Los vaqueros desgastados y las botas polvorientas fue lo primero que vio. Nada nuevo pensó, las modas van y vienen, como aquel tren. Ahí se quedó unos segundos, observando la forma del pliegue de la pisada. No sabía porque eso era algo que siempre le había atraído, pero no recordaba el motivo. Al salir del túnel alzó los ojos, sin mover la cabeza y clavó la mirada en unos ojos oscuros que la miraban con desdén. Se sintió ofendida y levanto la cabeza. El cuerpo delató sus intenciones y él entonces sonrió. Por primera vez desde hacía tanto que era incapaz de recordar, alguien con un simple gesto había desarmado toda su parafernalia de seguridad. Con dificultad se intentó recomponer. Aguantó la mirada, con energía. Ella estaba segura de que podría hacerlo. Muchas otras veces lo habían intentado y todas ellas habían fracasado.

El mantuvo la sonrisa, entre pícara y desafiante, moviendo imperceptiblemente la cabeza, como si en realidad estuviese estudiando un espécimen jamás visto. Se sintió incómoda y apretó los dientes. Él, entonces, dejó de sonreír. Estaba pétreo, inmóvil, con el pelo arremolinado, la barba artificialmente descuidada, pero sus ojos, seguían siendo impenetrables. Ella en cambio, a cada segundo que pasaba se sentía maltrecha, insegura, enfadada consigo misma. Pero al mismo tiempo, y eso le sorprendió, no le incomodaba sentir que le mirase así. Su cuerpo se fue relajando, hipnotizada por los movimientos de las manos de aquel hombre misterioso que agarraba un libro con firmeza. Entonces sin darse cuenta, imaginó esas manos apretando sus huesos, moldeando su carne. Y se estremeció.

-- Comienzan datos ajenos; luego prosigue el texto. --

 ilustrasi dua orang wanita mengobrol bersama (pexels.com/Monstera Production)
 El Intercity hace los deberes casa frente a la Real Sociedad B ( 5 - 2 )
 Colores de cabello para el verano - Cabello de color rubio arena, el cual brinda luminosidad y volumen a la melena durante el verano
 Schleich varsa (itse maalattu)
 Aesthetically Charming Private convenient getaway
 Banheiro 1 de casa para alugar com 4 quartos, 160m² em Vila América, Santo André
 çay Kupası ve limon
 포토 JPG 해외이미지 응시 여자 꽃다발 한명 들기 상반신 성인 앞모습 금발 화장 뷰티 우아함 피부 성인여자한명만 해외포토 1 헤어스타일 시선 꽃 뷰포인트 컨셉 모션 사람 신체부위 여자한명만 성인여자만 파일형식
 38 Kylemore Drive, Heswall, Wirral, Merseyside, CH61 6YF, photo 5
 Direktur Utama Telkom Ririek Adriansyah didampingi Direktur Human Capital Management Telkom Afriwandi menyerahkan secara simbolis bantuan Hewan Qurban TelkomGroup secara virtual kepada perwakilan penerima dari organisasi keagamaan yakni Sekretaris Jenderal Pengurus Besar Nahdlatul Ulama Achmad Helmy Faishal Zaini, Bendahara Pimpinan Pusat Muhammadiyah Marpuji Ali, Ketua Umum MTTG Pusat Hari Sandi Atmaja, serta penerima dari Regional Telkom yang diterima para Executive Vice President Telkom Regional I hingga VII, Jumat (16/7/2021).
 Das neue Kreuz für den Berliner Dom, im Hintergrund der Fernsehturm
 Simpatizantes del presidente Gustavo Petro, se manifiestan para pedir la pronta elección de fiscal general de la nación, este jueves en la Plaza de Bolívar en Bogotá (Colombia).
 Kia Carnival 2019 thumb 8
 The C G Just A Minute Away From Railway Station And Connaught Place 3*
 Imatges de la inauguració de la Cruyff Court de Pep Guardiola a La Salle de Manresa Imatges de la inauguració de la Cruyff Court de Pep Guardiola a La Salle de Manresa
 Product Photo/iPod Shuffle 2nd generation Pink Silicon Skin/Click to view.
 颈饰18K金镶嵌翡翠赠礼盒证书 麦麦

El tren salió del túnel y él se levantó. Dejó el libro sobre su asiento. Se alejó y ella, esperó que volviese. No lo hizo. Se incorporó ligeramente lo suficiente para alcanzar el libro y lo cogió. Estaba en blanco excepto una página, escrita a mano y en la que se leía:

En la soledad, donde uno se ve remitido a su yo, es donde se muestra lo que cada uno lleva en su interior. (A. Schopenhauer)

Cerró el libro, cerró los ojos y lloró, en silencio, por dentro, desgarrando su alma. Cuando alzó la vista, de nuevo frente a ella estaba él, con la misma mirada determinada pero con la mano extendida. Entonces las lagrimas se derramaron por su cara.  Nunca imaginó que algo tan complicado como la necesidad de ser sometida fuera tan sencilla de entregar a la persona adecuada.